Saya terbayang pernikahan Kashmir yang pernah saya baca. Ratusan orang menari-nari di jalan, dengan tetabuhan musik dan senandung lagu-lagu, menembus keheningan barisan gunung-gunung yang menggapai langit. Makanan melimpah ruah. Orang-orang berpesta pora.

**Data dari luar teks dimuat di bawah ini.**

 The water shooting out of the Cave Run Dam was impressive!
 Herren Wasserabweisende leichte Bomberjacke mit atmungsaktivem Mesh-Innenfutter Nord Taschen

Tetapi di sini, enam bulan lalu gempa dahsyat telah menghancurkan semuanya. Bukan hanya rumah yang hancur, tetapi juga keluarga, manusia, hewan ternak, harta benda, mimpi dan cita-cita. Semua dirundung kesedihan karena kehilangan sanak saudara. Banyak desa yang musnah, sisanya lagi tinggal sebagian saja penduduknya. Longsor menghanyutkan rumah-rumah. Manusia bangkit dari puing-puing reruntuhan.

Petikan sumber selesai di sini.